[Short web captions]
------------
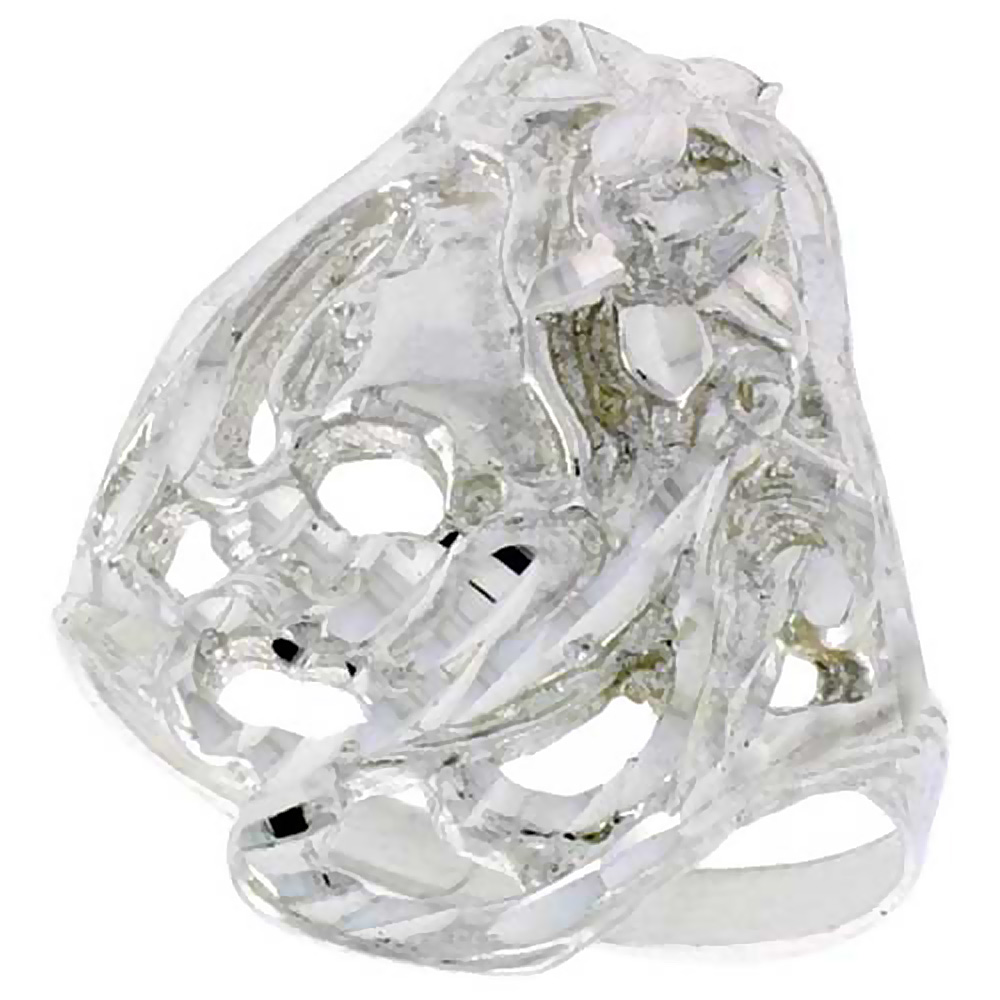 Sterling Silver Woman's Face Ring Polished finish 7/8 inch wide, sizes 6 - 9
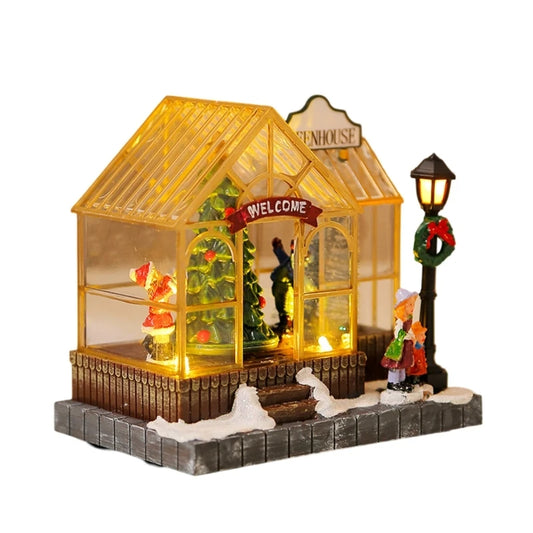 Christmas Musical Greenhouse Ornament – LED Lighted Rotating Village Figurine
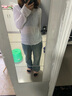 素織錦長袖t恤女春夏季防曬罩衫女士純欲上衣辣妹打底衫女裝針織衫內(nèi)搭 木耳邊微透防曬罩衫【均碼】 曬單實拍圖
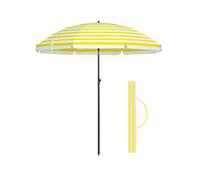 Parasol de Playa Ø 2 m Raya Amarillo y Blanco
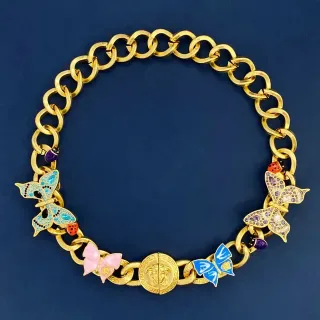 Collar Versace Cadena Curb Oro Multicolor Charm Mariposa Esmaltado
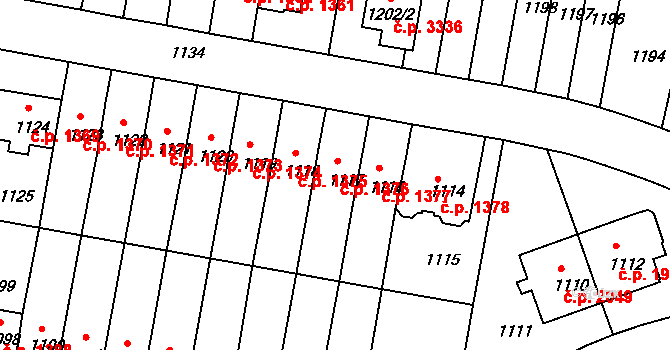 Záběhlice 1376, Praha na parcele st. 1117 v KÚ Záběhlice, Katastrální mapa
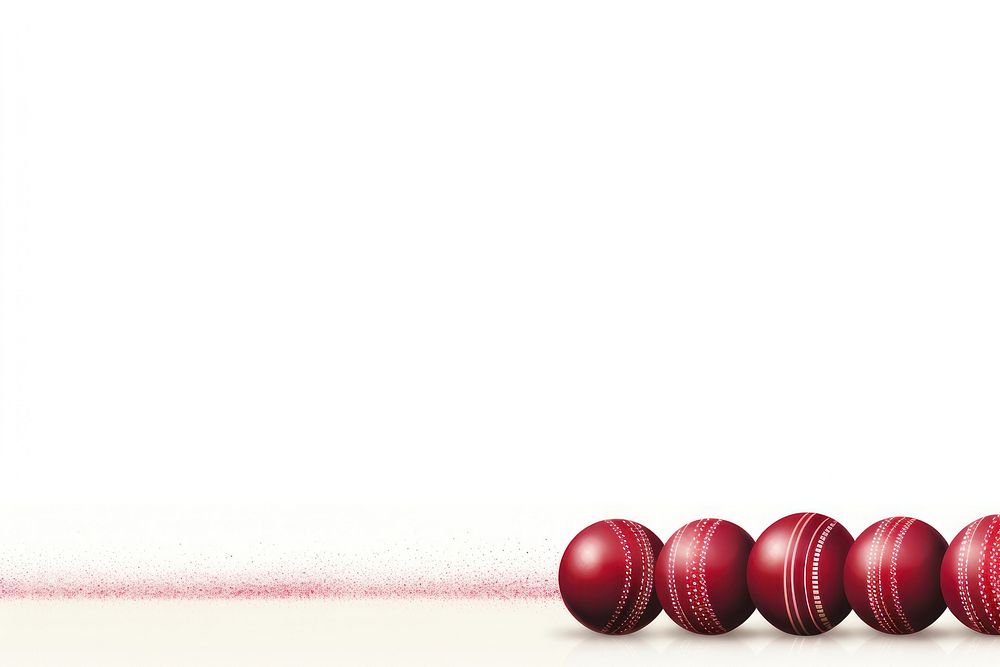 Cricket ball line horizontal border sports white background confectionery.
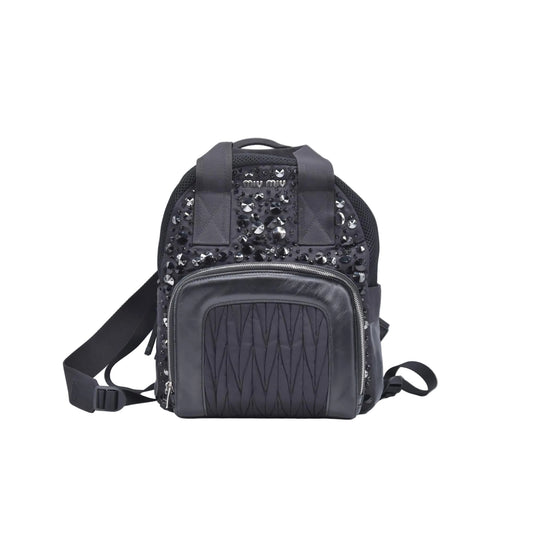 $1950 MIU MIU Leather Trimmed Matelasse Crystal Embellished Nylon Backpack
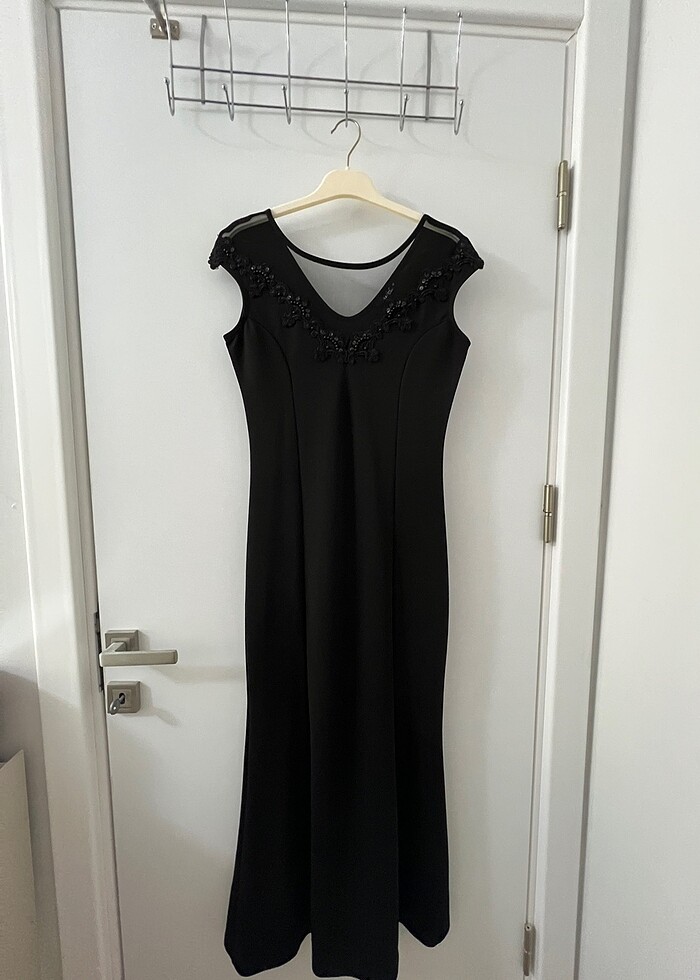 Siyah uzun elbise - Görsel 5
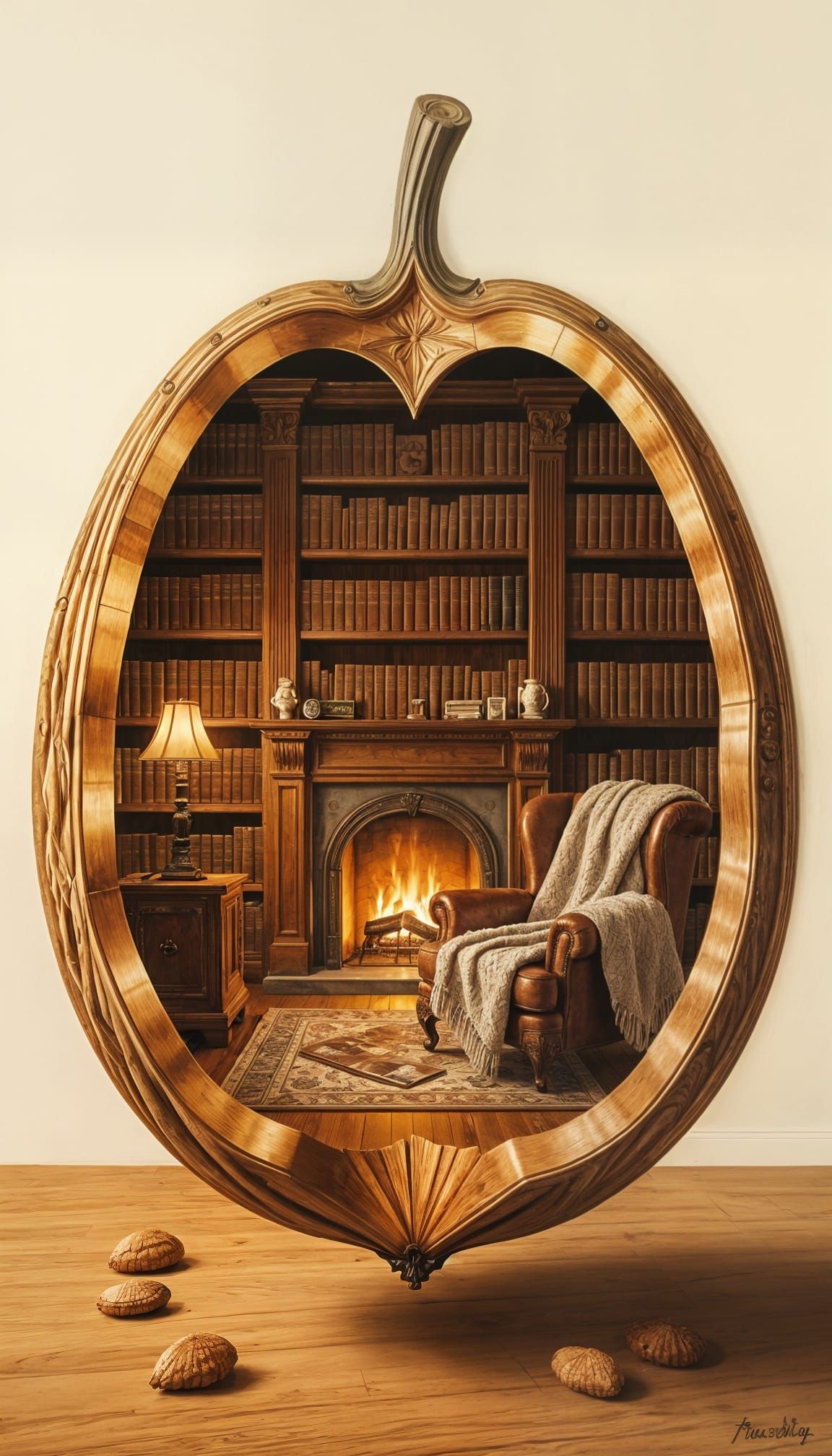 Surreal Walnut Library in Oil Painting Style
------------
--- Task directions ---
None of the pictures should be copied, but every record above must be restated in full.

--- Your response ---
 Sterling Silver Woman's Face Ring Polished finish 7/8 inch wide, sizes 6 - 9
 Christmas Musical Greenhouse Ornament – LED Lighted Rotating Village Figurine
 素織錦長袖t恤女春夏季防曬罩衫女士純欲上衣辣妹打底衫女裝針織衫內(nèi)搭 木耳邊微透防曬罩衫【均碼】 曬單實拍圖
 Parasol de Playa Ø 2 m Raya Amarillo y Blanco
 Collar Versace Cadena Curb Oro Multicolor Charm Mariposa Esmaltado
 Záběhlice 1376, Praha na parcele st. 1117 v KÚ Záběhlice, Katastrální mapa
 Cricket ball line horizontal border sports white background confectionery.
 $1950 MIU MIU Leather Trimmed Matelasse Crystal Embellished Nylon Backpack
 Siyah uzun elbise - Görsel 5
 Surreal Walnut Library in Oil Painting Style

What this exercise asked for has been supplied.